_Stored data:_
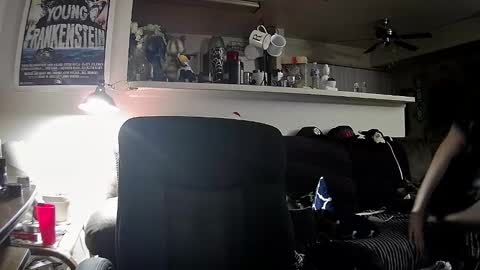 biggerisbetter21 online show from December 8, 5:18 am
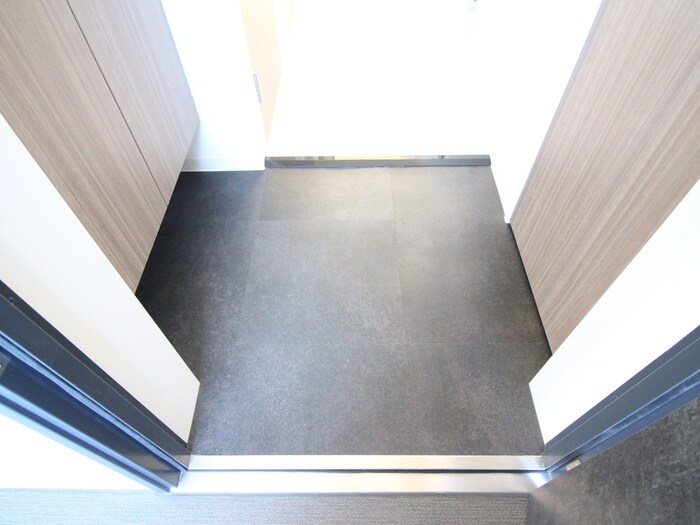 物件内観写真17　(玄関)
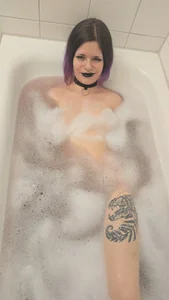 ViGothFoxBath time Bild 3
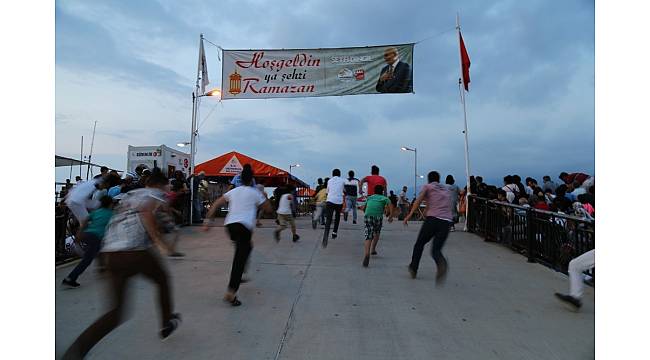 Hatay'da her gün bin 500 kişi iftara koşuyor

_Problem statement:_
Keep the pictures out of your copy. Copy only the lines from the line that holds "ViGothFoxBath time Bild 3" through the last line of the listing above, both included.

_Reply:_
 ViGothFoxBath time Bild 3
 Hatay'da her gün bin 500 kişi iftara koşuyor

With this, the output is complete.